None of this is ideal, of course, but MLB needs to squeeze as much baseball as possible out of the time it might be allotted after the relevant government entities determine that it’s safe to resume operations.

It’s easy to dismiss the importance of sporting events at this terrible moment in history. No game is worth a life. No corners should be cut when it comes to the safety of the general populace. But there will come a time when life will return to some semblance of normalcy and — at that point — MLB has a responsibility to reconstitute a season that goes well beyond protecting its own financial welfare.

The sheer length of the normal baseball season comes with an assumed economic impact on each area that has a big league franchise. Considering the long-term damage the pandemic will do to the overall economy, every job — full-time or temporary — that can be saved in any industry is critical to an eventual recovery.

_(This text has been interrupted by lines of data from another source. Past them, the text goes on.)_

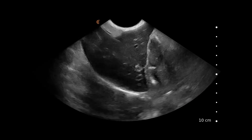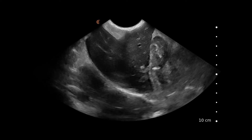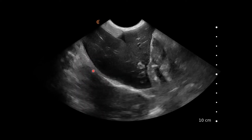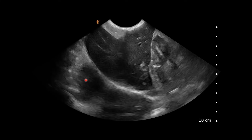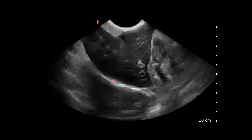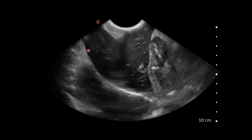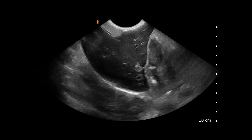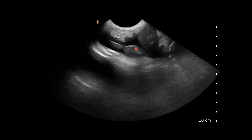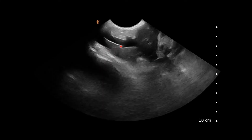Here we have a cranial abdomen view where we can see the diaphragm along here. This is the chest cavity and we can just see the heart beating in here. This hypoechoic structure here is the liver, and we can see a little pocket of free fluid there and possibly some in the cranial part of the abdomen also. Fanning through, it becomes more clear that there is free fluid surrounding the liver.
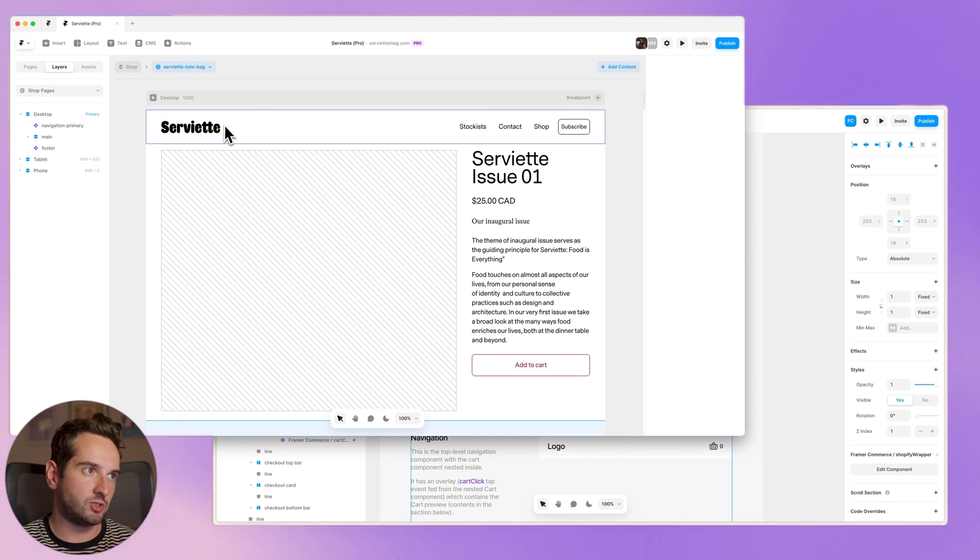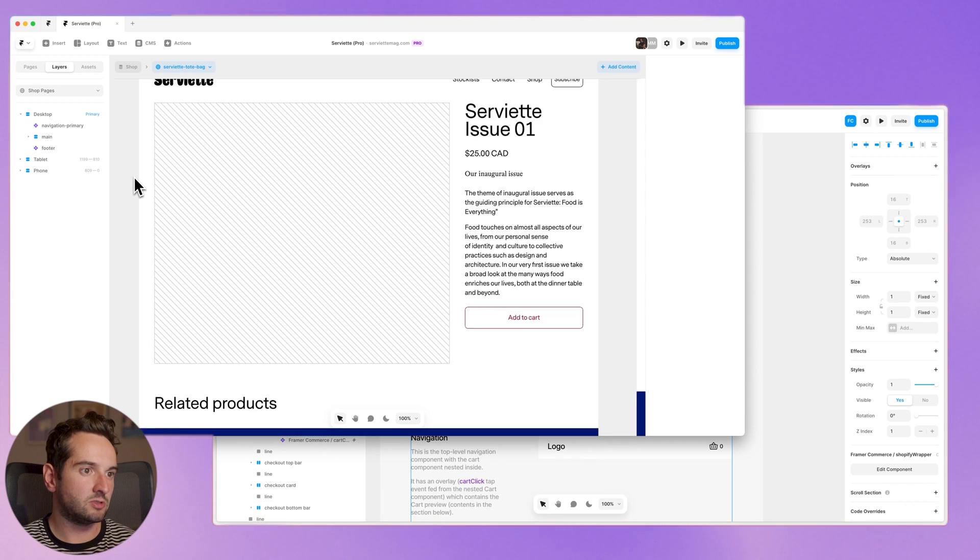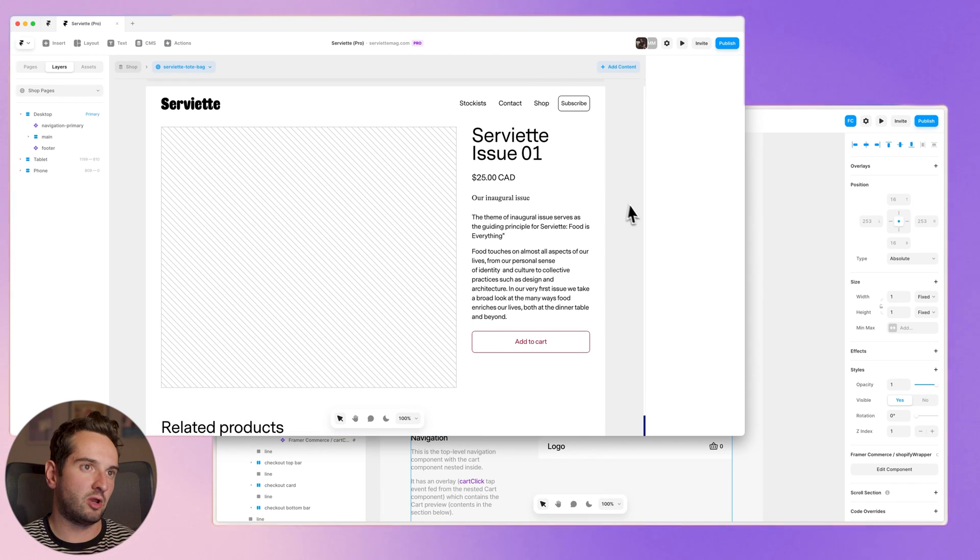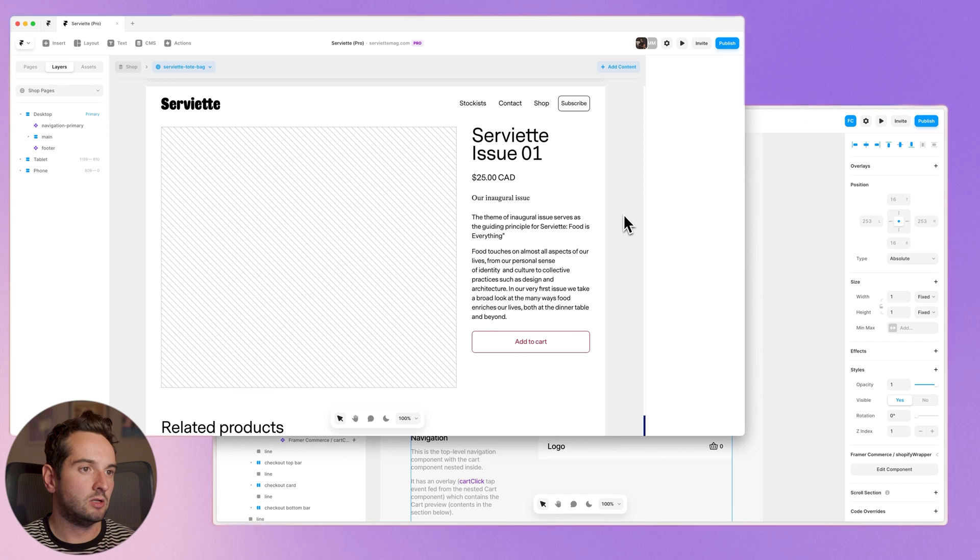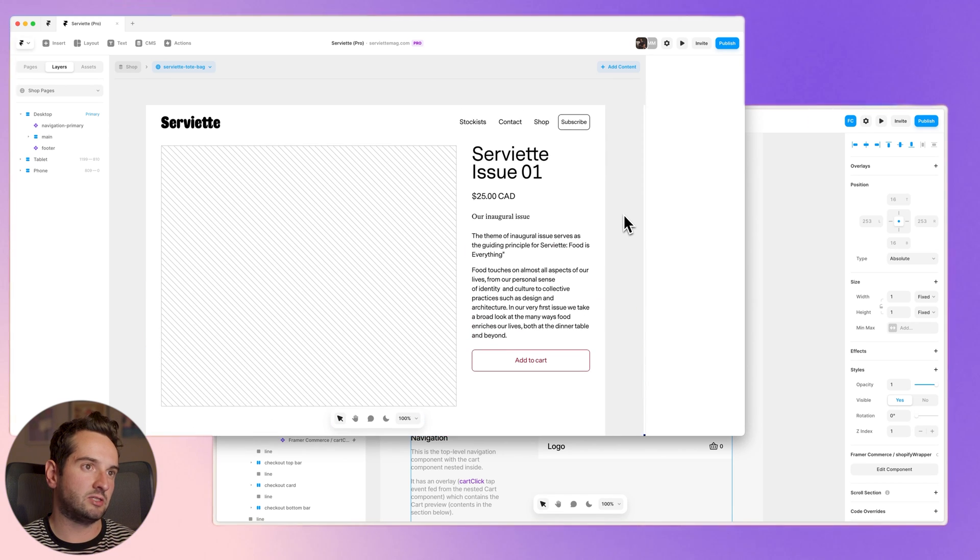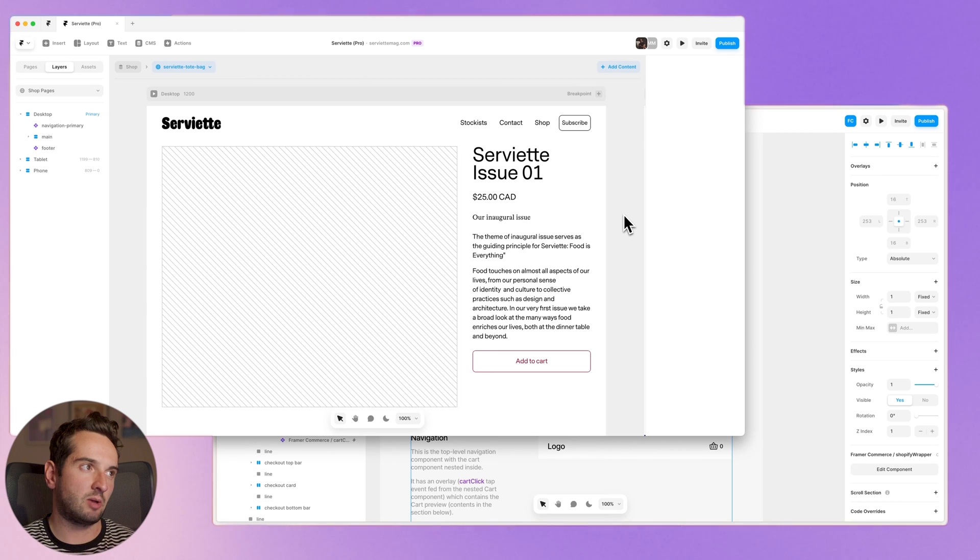So once I make the shop CMS collection, I've also created just a template for all the shop items. This is all just native Framer right now. There's no Shopify connection yet, but let's add some global components and start to make these connections happen so we can start talking to Shopify.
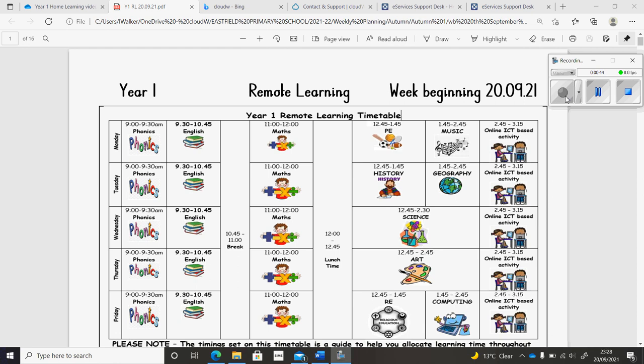In geography, we'll continue our work on human and physical features and looking at the physical and human features around the Eastfield area.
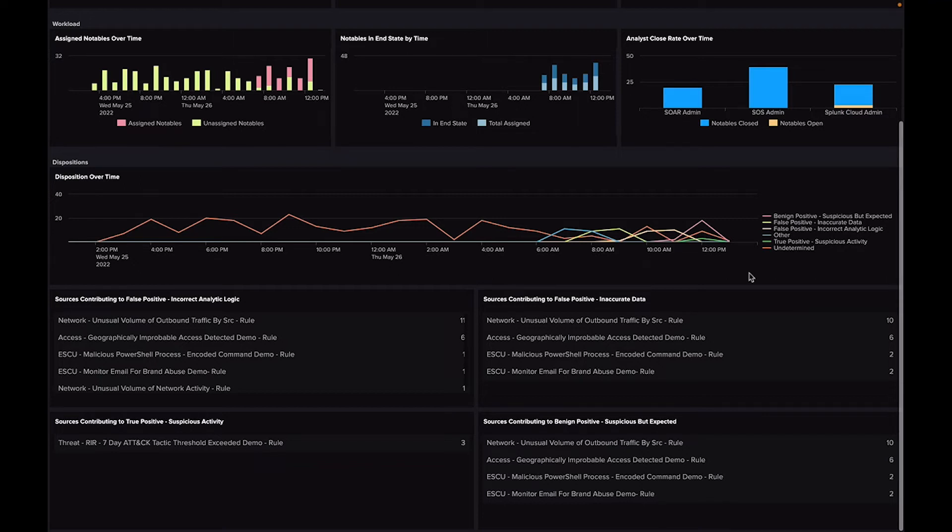In the Dispositions section, you can see and report on this data over time to see which correlation rule sources contribute to these types of dispositions.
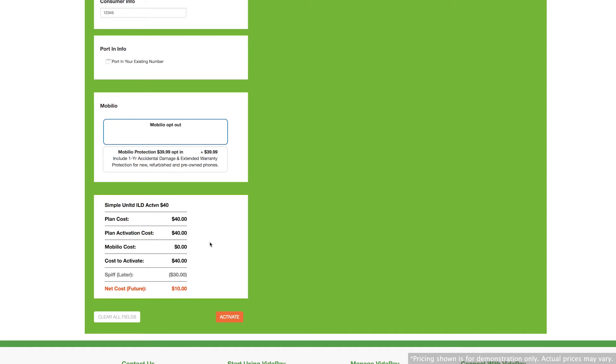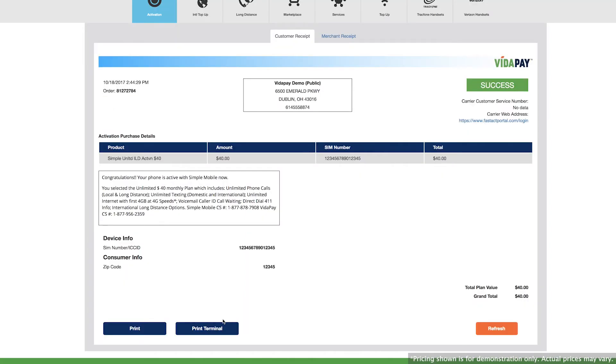Finally, click activate. This will take you to the receipt, where you'll see a merchant and a customer receipt displayed.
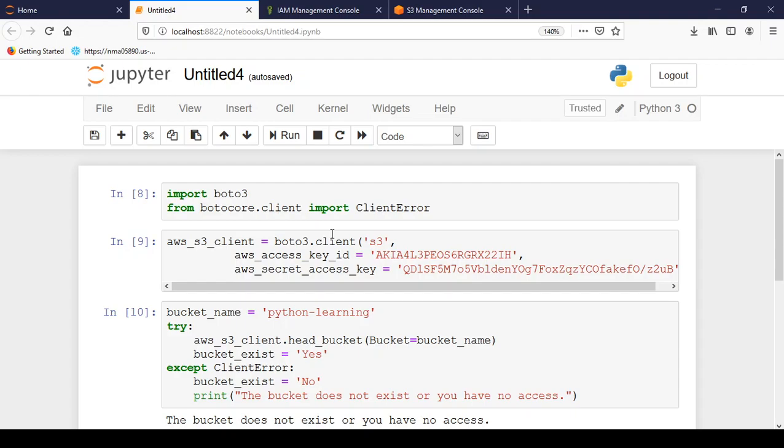In this video, let us learn how we can programmatically create S3 bucket using Python.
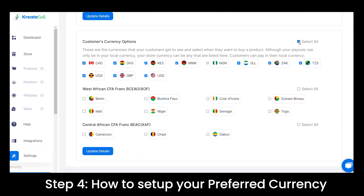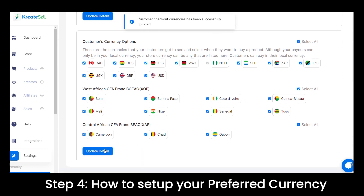When you're done, proceed to select your customer's currency, then update details. In the next episode, we'll teach you how to create your first digital product.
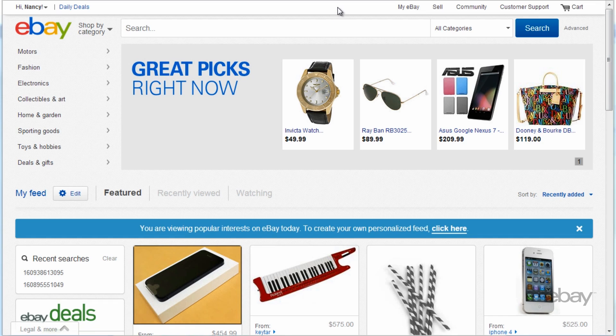Welcome to eBay Tutorials. In this tutorial, you will learn how to change the email address associated with your eBay account.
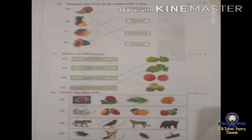Connect the fruit to its name with a line. On the right-hand side, spellings are given for the fruits; on the left-hand side, pictures of the fruits are given. From the picture to the spelling, you have to draw the line. The fruits are sapota, pineapple, mango, and papaya. You have to study the spelling for all the words — if you learn the spelling only, you can identify the word.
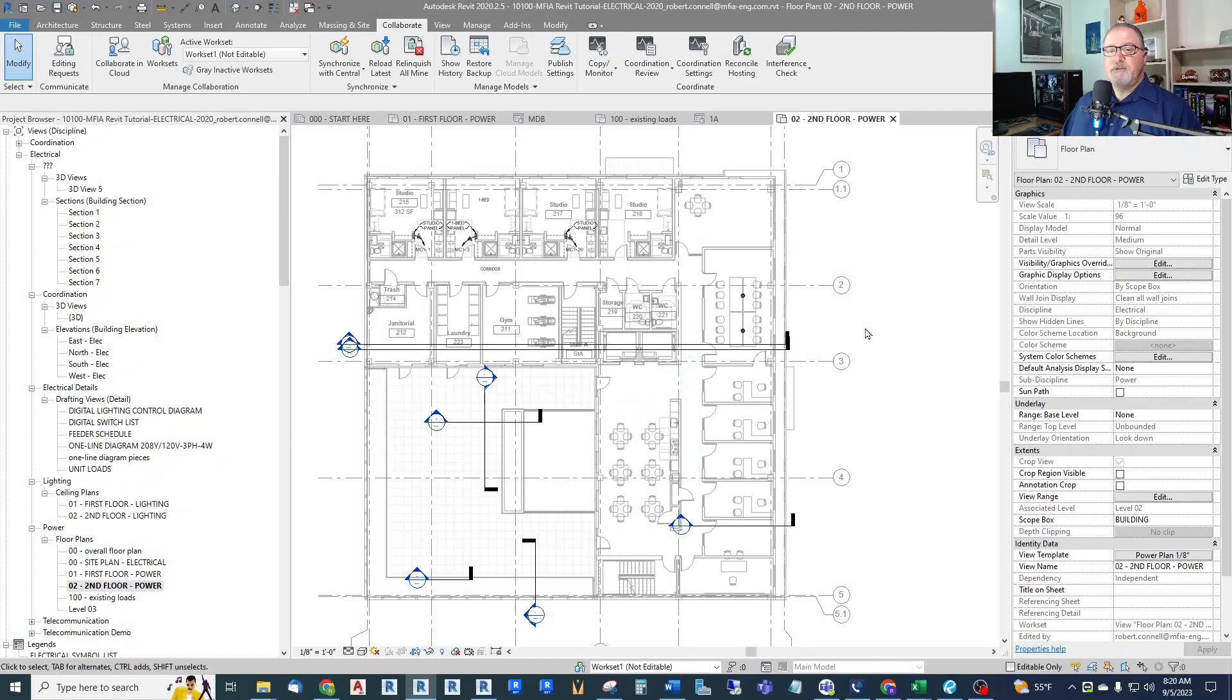Hey guys, this is Rob. Do you ever have a project where you need to show some enlarged views to show better detail, or if you want to show some enlarged typical plans of dwelling units like studios and one-bedroom apartments? Well then you need to watch this video. Let's get right into it.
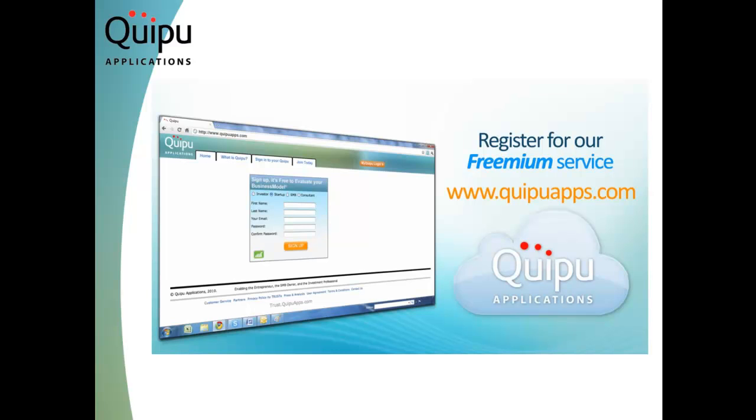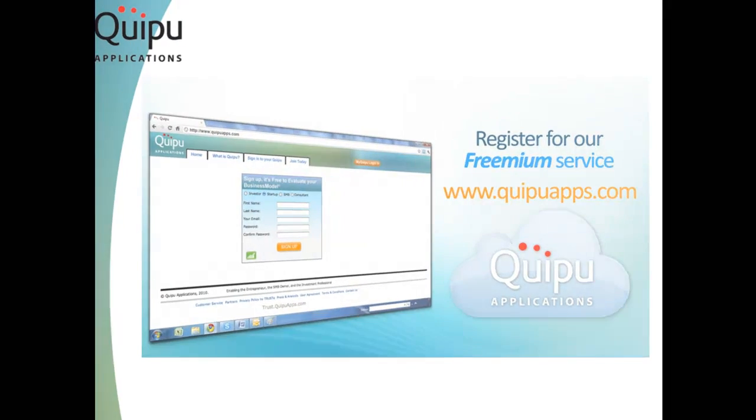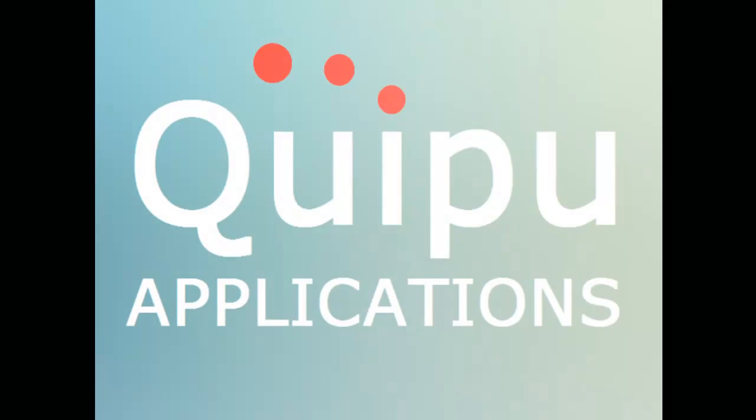Quipu Applications is setting the standard for social dashboards in the cloud with its subscription-based software as a service model.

This is particularly true in Baltimore, where a variety of factors over the past five years have contributed to a huge downturn in Orioles attendance. That decline already had negatively impacted commerce far beyond the gates of the ballpark before the COVID-19 outbreak put the survival of countless downtown businesses in doubt.

The worst might be yet to come, but that’s why it’s so important for the National Pastime to make a strong comeback when the coast is finally clear.